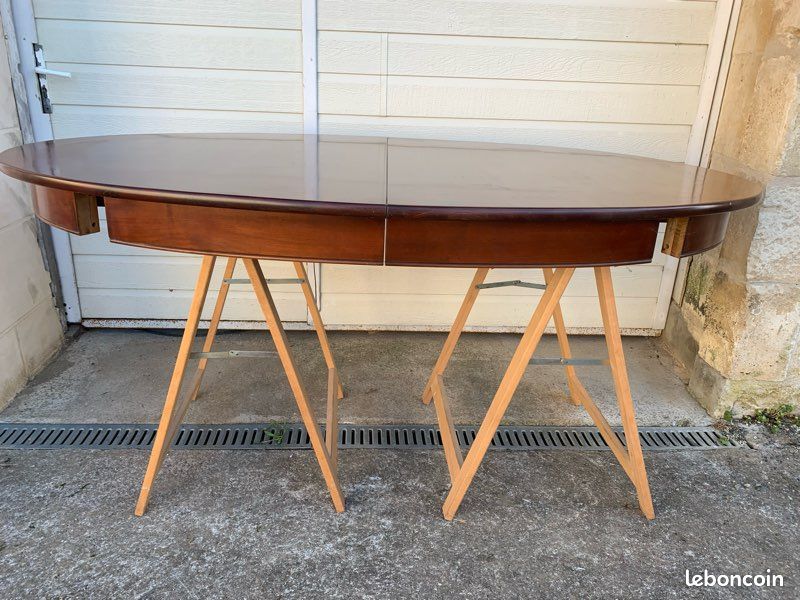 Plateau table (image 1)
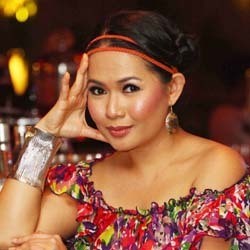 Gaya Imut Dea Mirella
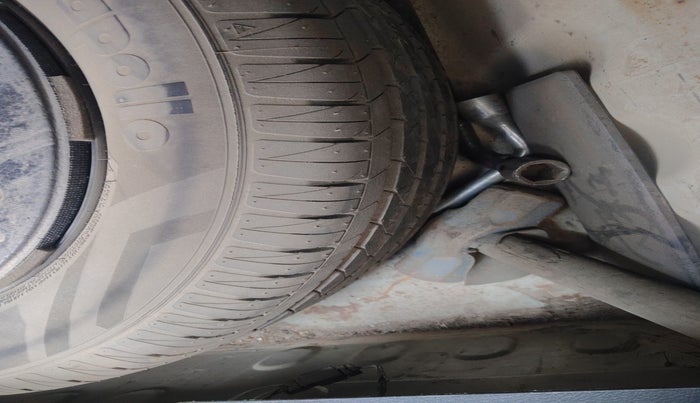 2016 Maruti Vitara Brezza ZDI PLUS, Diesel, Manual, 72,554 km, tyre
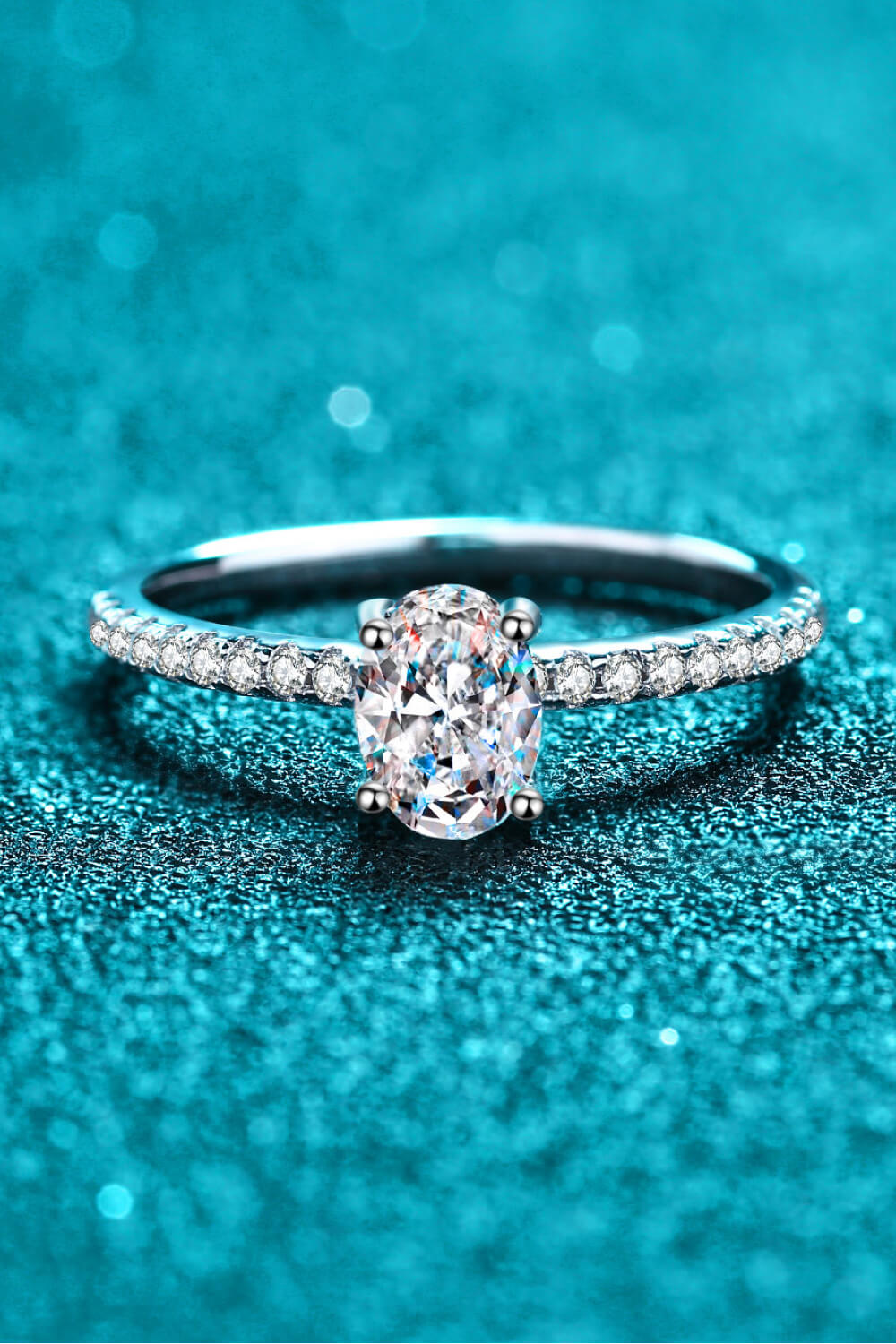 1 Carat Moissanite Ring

#### [TASK BRIEF]
Transcribe exactly, and only, the lines from the one with "2016 Maruti Vitara" through the final line of the data above. The pictures stay out.

#### [ANSWER SPACE]
 2016 Maruti Vitara Brezza ZDI PLUS, Diesel, Manual, 72,554 km, tyre
 1 Carat Moissanite Ring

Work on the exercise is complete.